明治、大正初期の日本をモデルにするからには絶対に登場させたい舞台ってのがあって、その一つが鉱山街だ。

兵庫県(私の生まれだからやはり贔屓にしてしまう)には有名な鉱山がいくつもあったのだけれど、そのひとつに明延(あけのべ)鉱山という場所がある。

その鉱山が繁栄した背景ってのが実に面白い。

明延鉱山の近くには生野銀山、神子畑(みこはた)鉱山といった大きな鉱山がすでにあったのだけれど、鉱石の運搬ルートの関係(明延鉱山は鉱石を運搬する際、山を大回りして運ばなければならなかった)から、明延鉱山は一歩出遅れる形となっていた。

そこで施策されたのが、明延と神子畑を繋ぐ5.75kmのトンネル。山を突っ切る形で掘られたこのトンネルに線路を敷き、明延で出た鉱石を電車で運んで神子畑で選鉱する、という方法だ。

このトンネルを明神電車と呼ばれる電車が一日に10往復もして鉱石を運んだ。人を乗せる客車も(一円電車)一日に3往復していた。



このトンネルが完成とされたのは昭和に入ってからなのだけれど、明治末期から大正、昭和にかけてこの一大工事に関わった人たちにはとてもドラマ性を感じる。
泥だらけの鉱夫、火薬にまつわるトラブル、そしてやっとの思いで完成した線路を走る電車(鉱山街の人間は電車をも自作したのだ!)に乗った鉱山街に住む人の笑顔。
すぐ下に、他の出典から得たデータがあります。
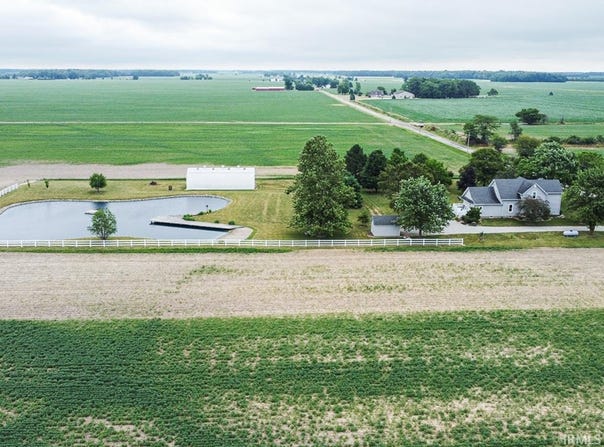 5151 W 200 N, Decatur, IN 46733-8302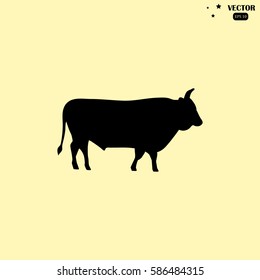 Cow Icon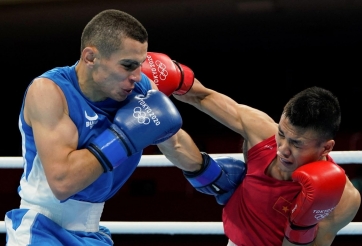 Việt Nam bị xử thua ngỡ ngàng và khó hiểu ở SEA Games 32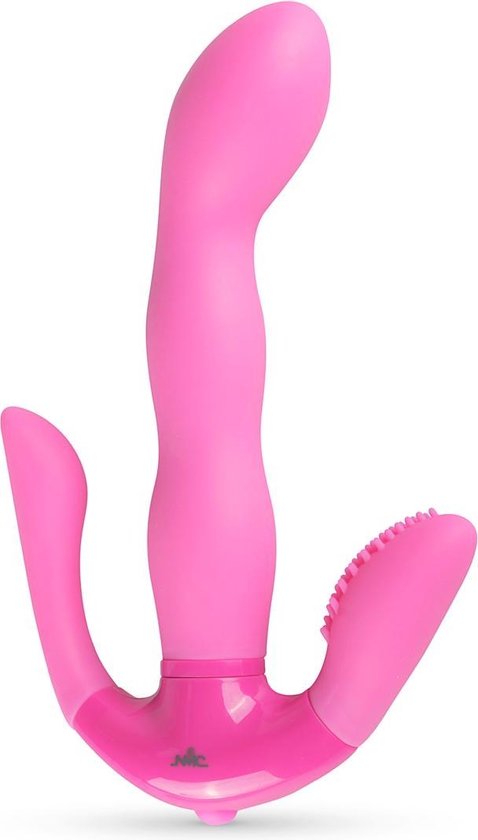 You2Toys G spot Vibrator Proposition - Roze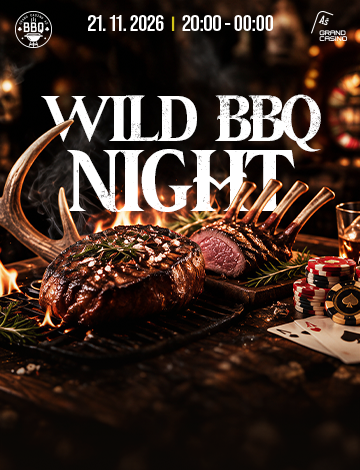 WILD BBQ NIGHT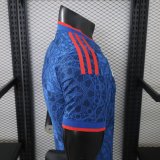 26-27 Croatia Away Player Version Soccer Jersey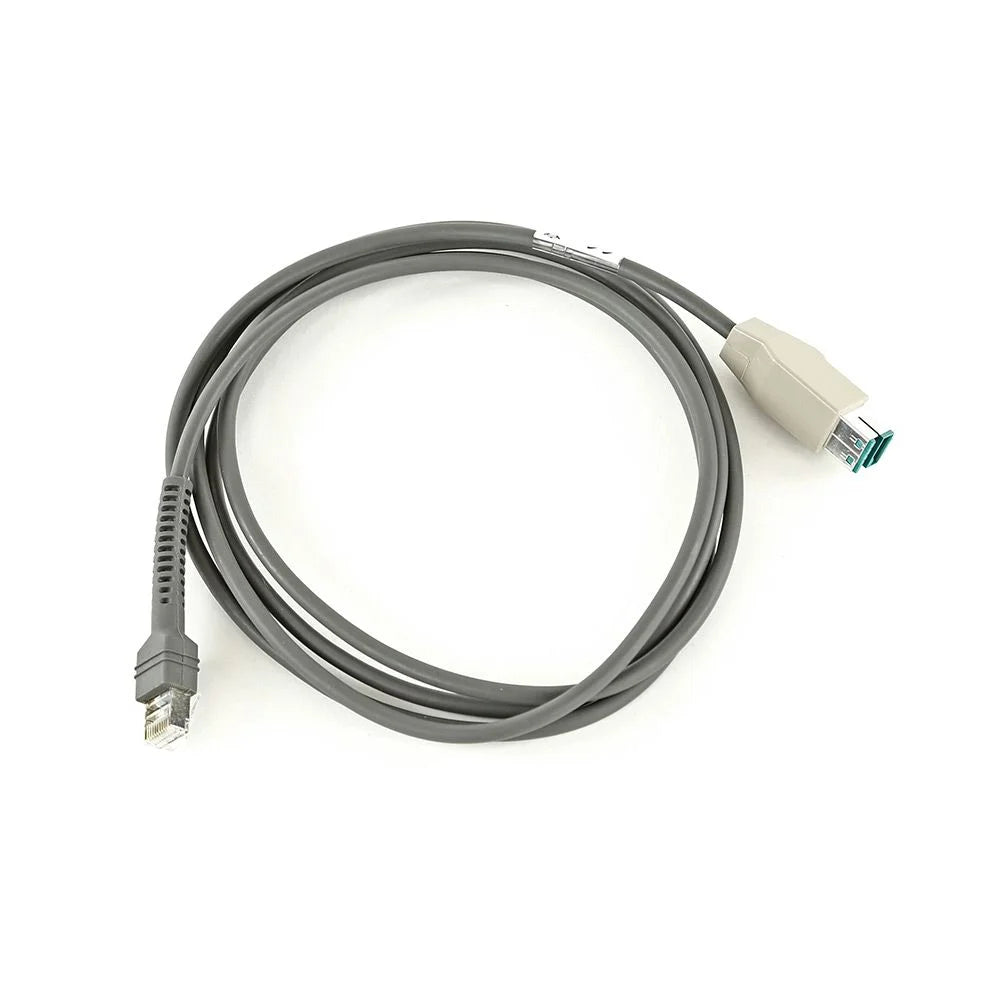 CBA-U03-S07ZAR - 7ft Straight USB Cable (Power Plus)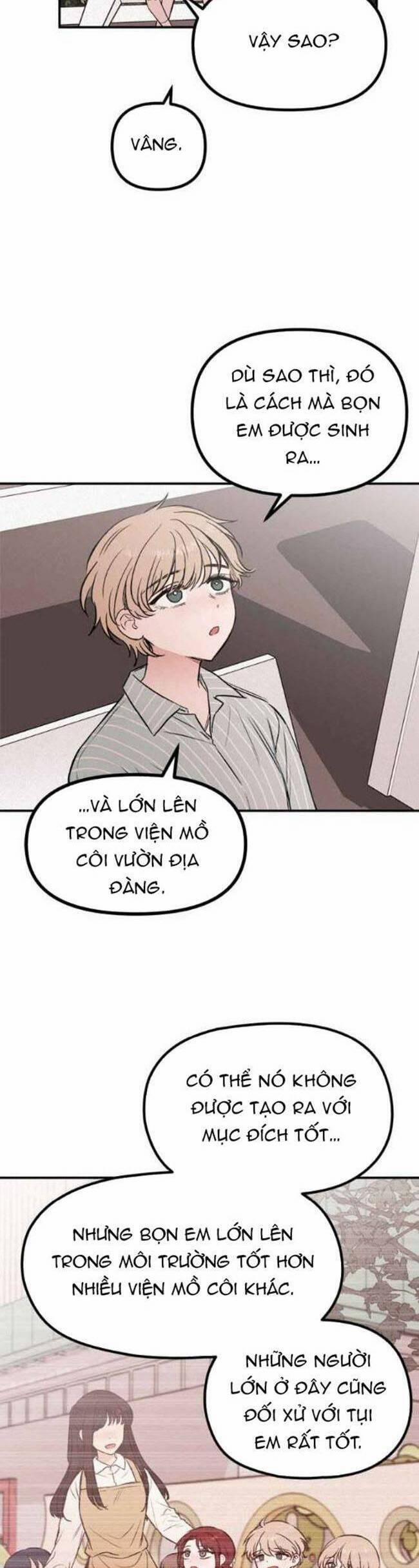 Bươm Bướm Và Máu 22 trang 13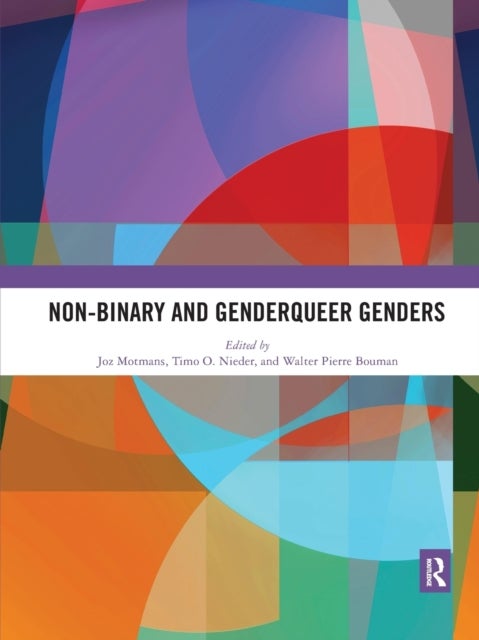 Non-binary and Genderqueer Genders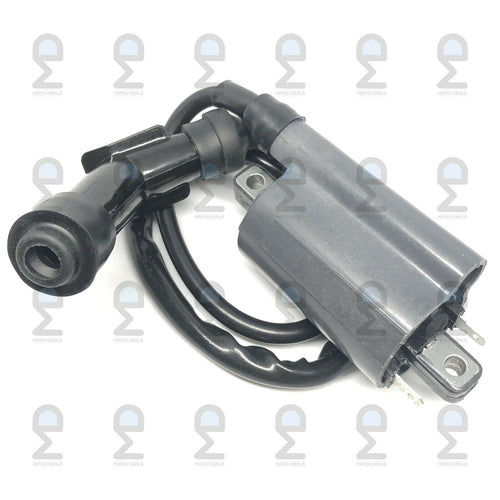 IGNITION COIL FOR YAMAHA GRIZZLY 700 YFM700 2007 / DUCKS HUNTER OUTDOORSMAN SE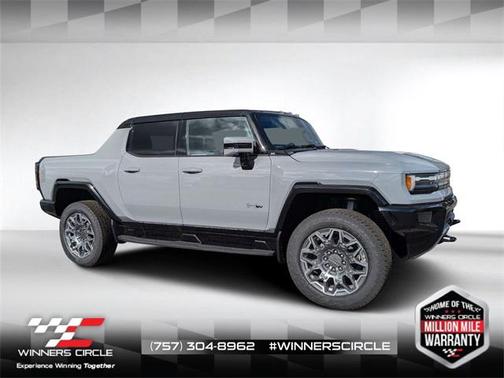 2025 GMC HUMMER EV Pickup 3X
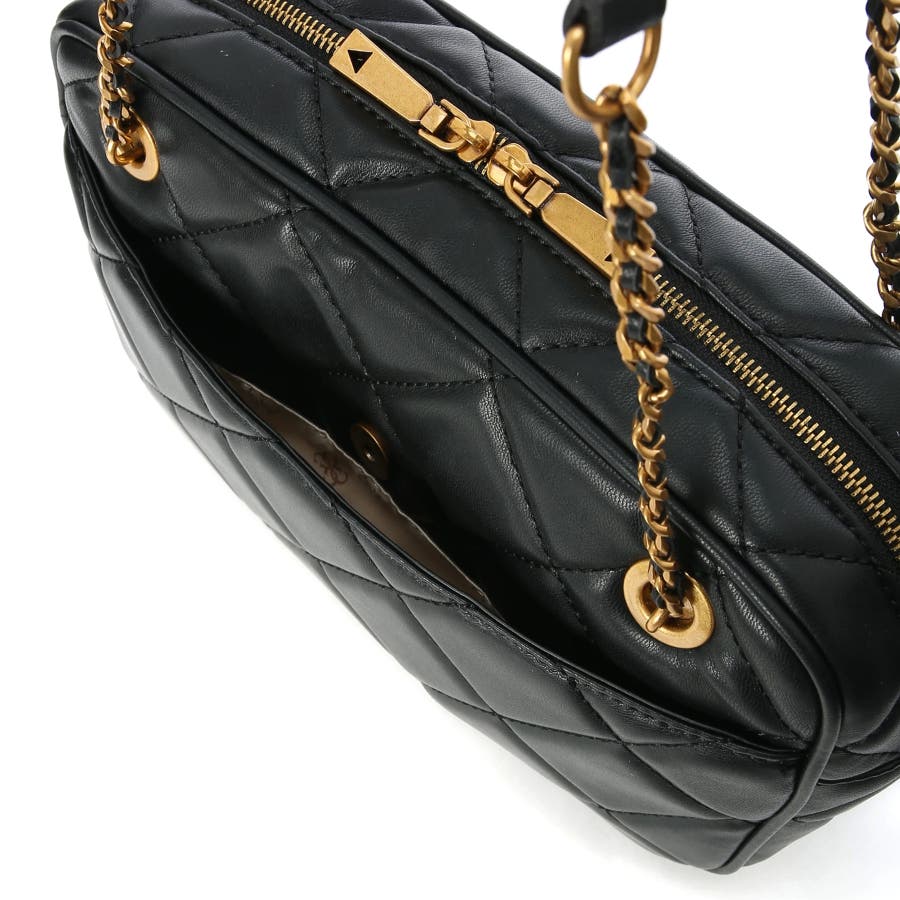 GUESS] CESSILY Top Zip Shoulder Bag[品番：GUEW0007055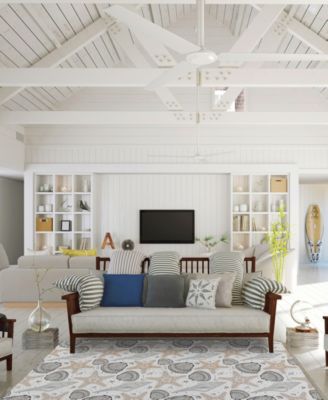 Seabreeze Washable SZ4 5'x7'6 Area Rug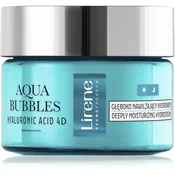 Lirene Aqua Bubbles globinsko vlažilna krema 50 ml
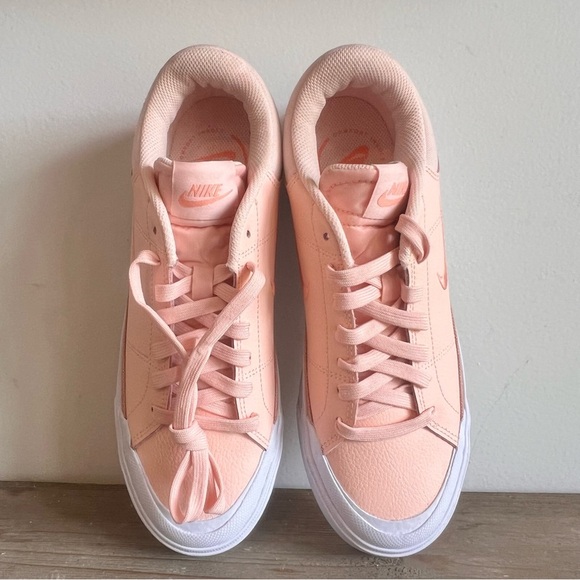 Nike Court Legacy Lift Women's Shoe Size 8.5 #B1928 - Picture 9 of 11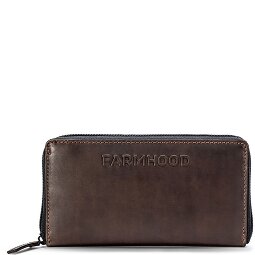Farmhood Nashville Portemonnee RFID-bescherming Leer 19.5 cm  variant 2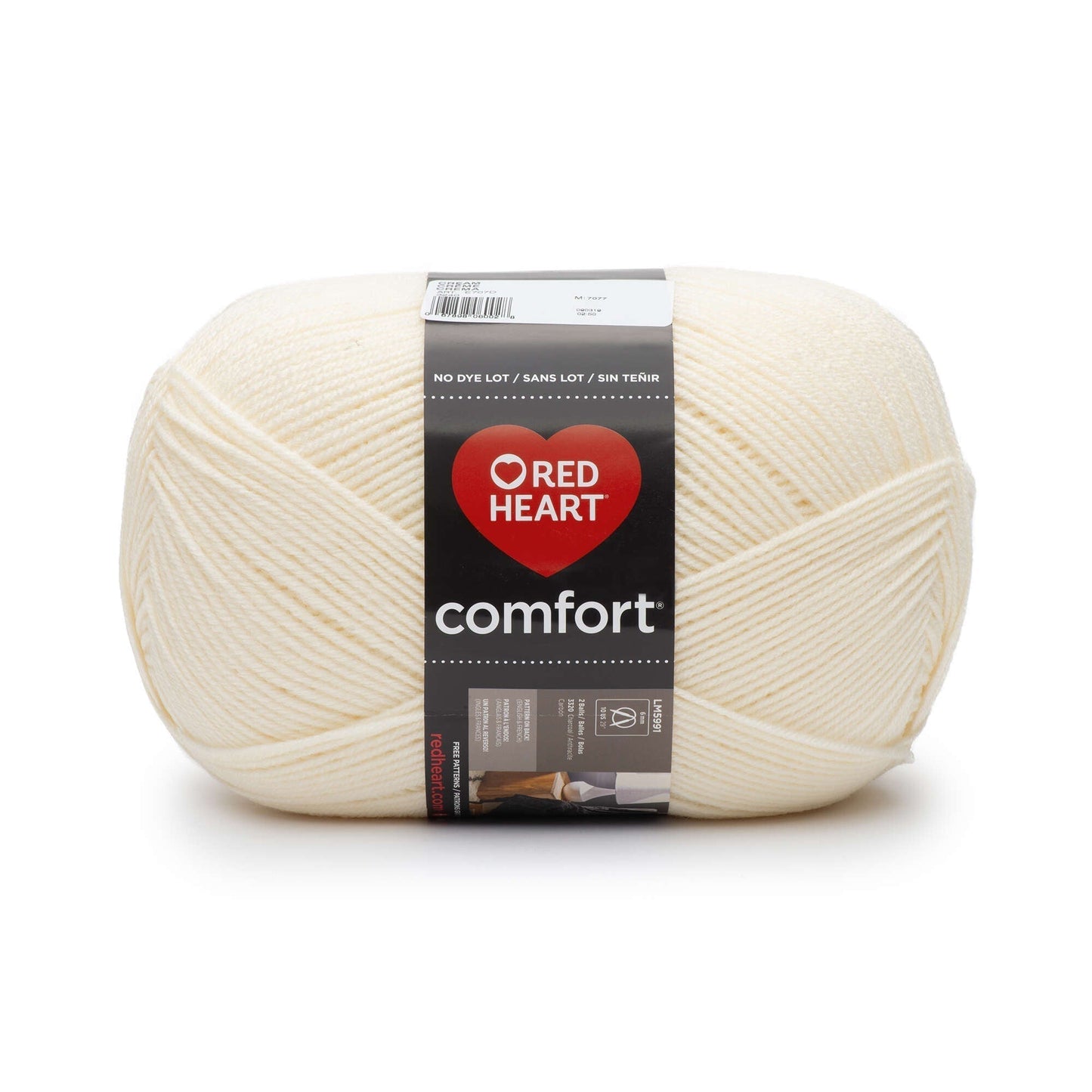 Red Heart Comfort Yarn - Clearance Shades
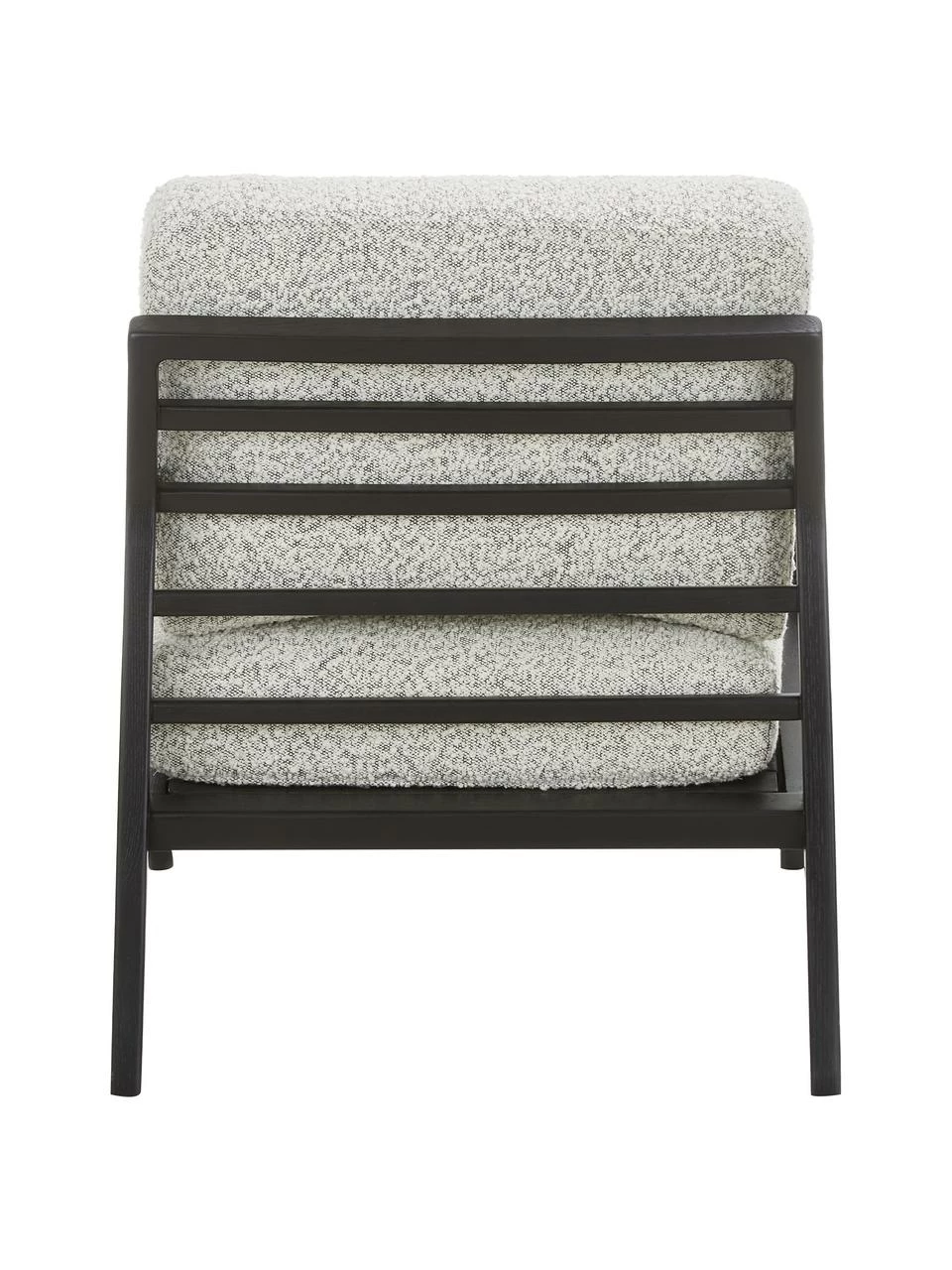 Westwing Collection Fauteuil scandi Becky, larg. 73 x haut. 71 cm 5 Westwing Collection Fauteuil scandi Becky, larg. 73 x haut. 71 cm – Image 5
そういった住民のリアルな心情を下敷きにして、物語を書いてみたい。

前回の記事で書いた主人公設定でいえば、「二重人格の娘を守る男」をこの舞台に登場させたいと思っていて、妻に逃げられた不器用な鉱夫が二重人格を発症してしまった娘に戸惑っている最中、閉鎖された坑道近くで殺人事件があった、という話。

この時代、鉱山の掘削方法も改革が為されていた筈なので、以前から働く鉱夫と新体制派との間に衝突もあっただろう。そのあたりも描写できれば良いなあ。

※綿密な時代考証と照らし合わせると上記の情報は大なり小なり前後したり間違っていたりするのかもしれないけれどそこはご勘弁。
私はあくまでもこの時代(明治末期~大正)のあれこれをモデルにした物語を書きたいだけなのだ。実際に書く際はこの時代の日本であると明言するつもりも一切ない。